### PROBLEM STATEMENT
Please set down only the lines from the one containing "Island Air Ceases Operations Friday" through the end of the entries below, exactly, minus any pictures.

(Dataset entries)
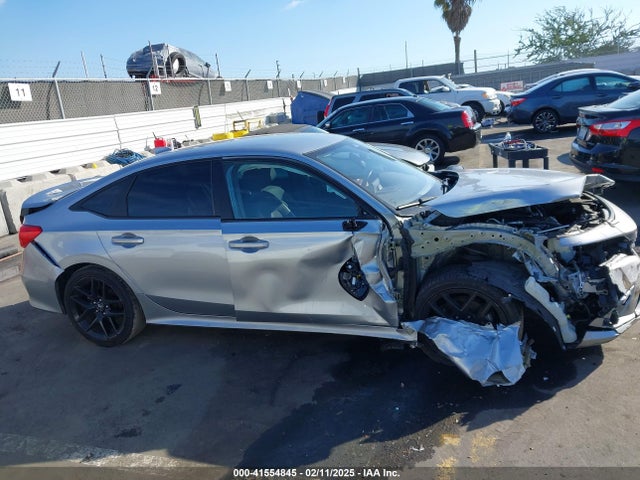 Honda Civic Sport 2022 2HGFE2F54NH530129 Image 13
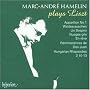 Hamelin spielt Liszt (Aufnahme Wigmore Hall London 14.01.1996)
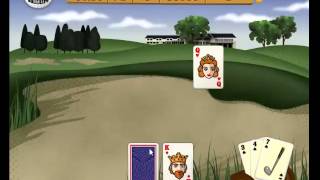 Golf Solitaire - Royalgames - HQ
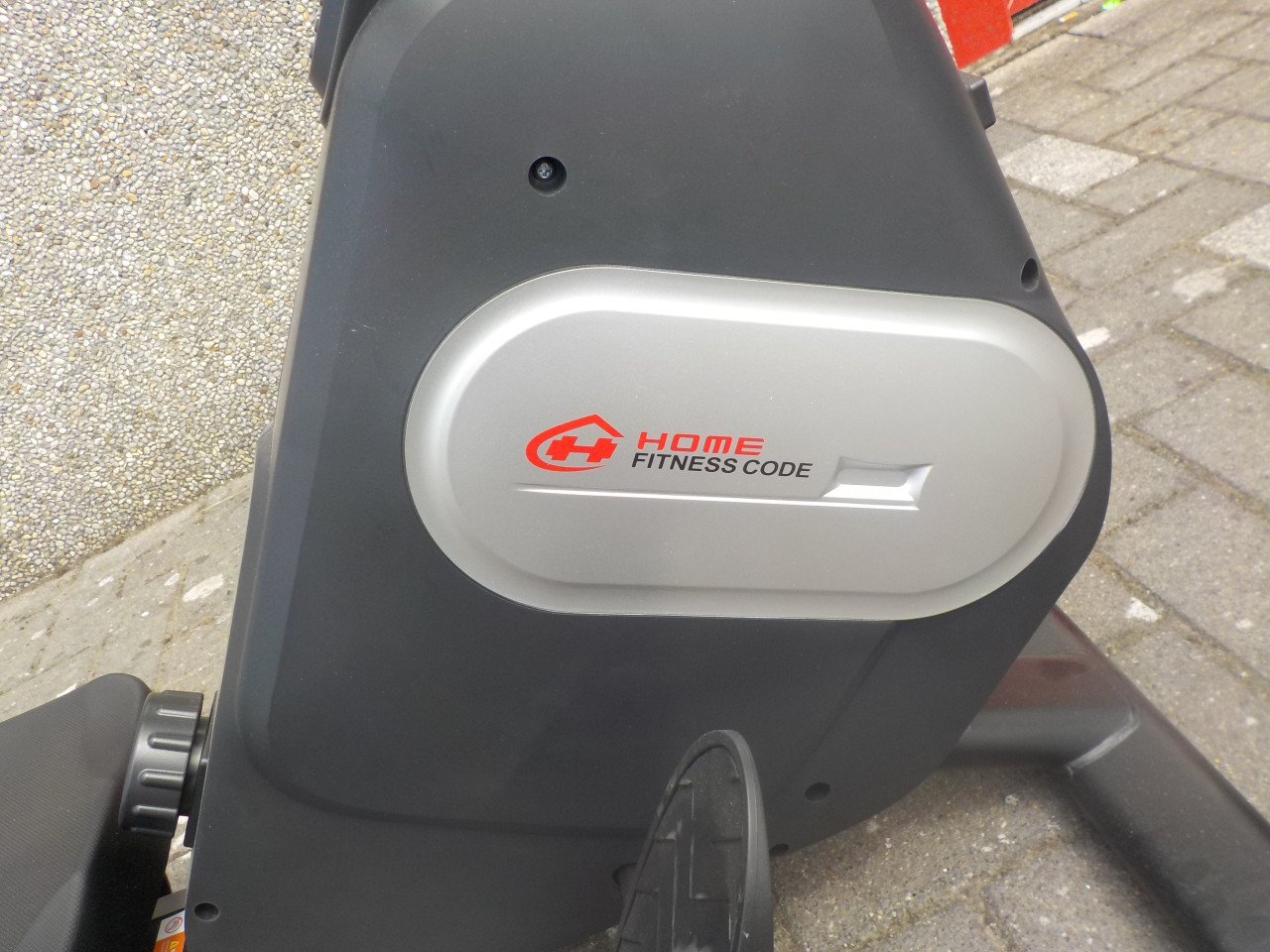 Home fitness code roeitrainer in zeer goede staat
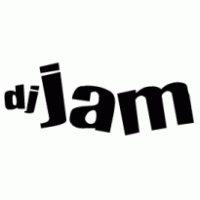 DJ JAM The untouchable ! Logo PNG Vector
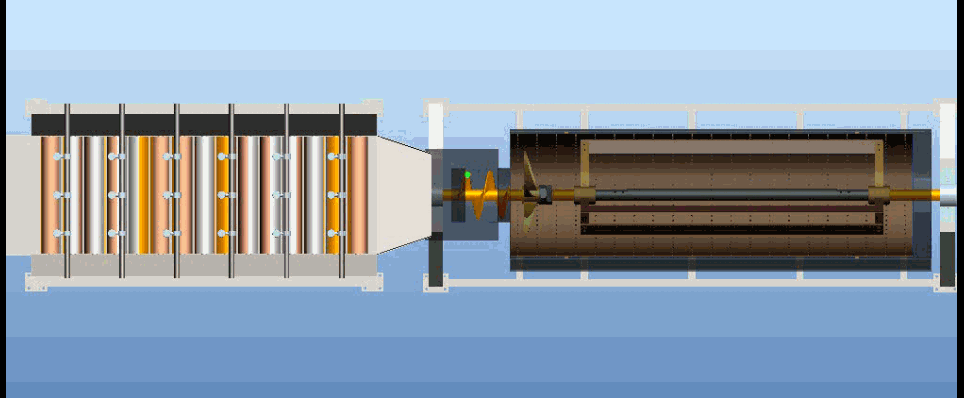 实用果蔬清洗打浆机（cad+pro+说明书）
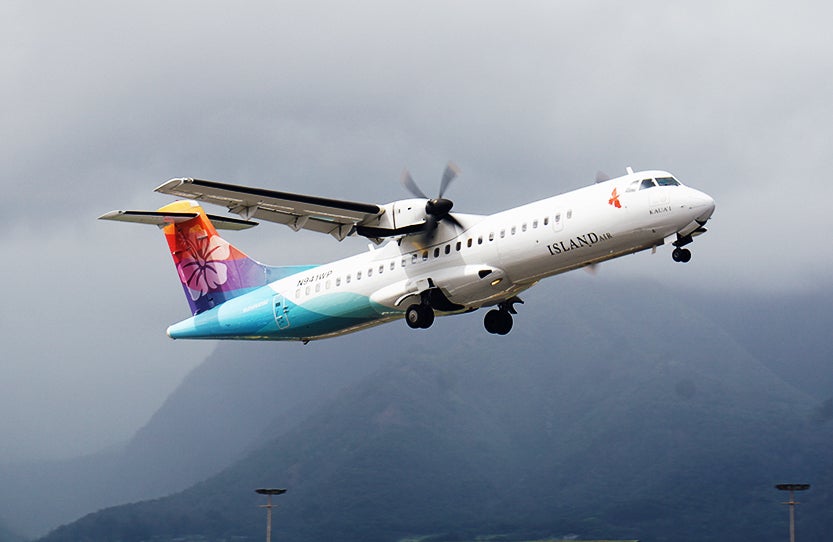 Island Air Ceases Operations Friday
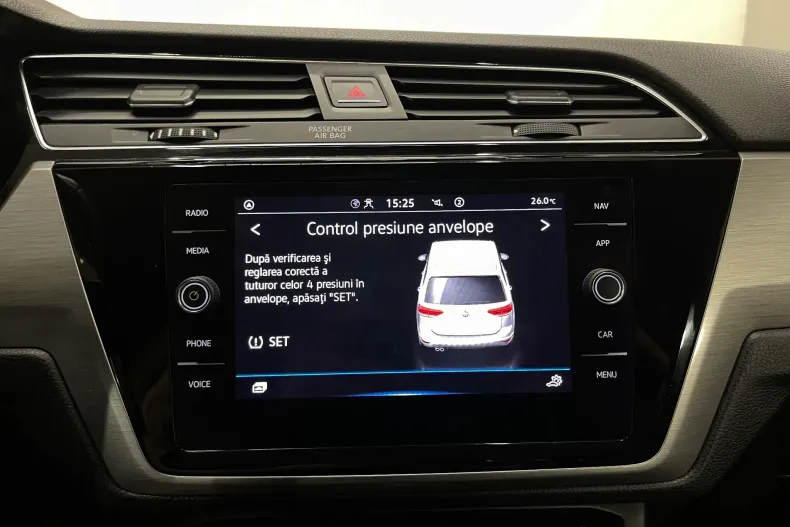 Volkswagen Touran din 2022 cu 42.236 km - oferta VOL255682 - foto 14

### ANSWER TO THE EXERCISE
 Island Air Ceases Operations Friday
 Volkswagen Touran din 2022 cu 42.236 km - oferta VOL255682 - foto 14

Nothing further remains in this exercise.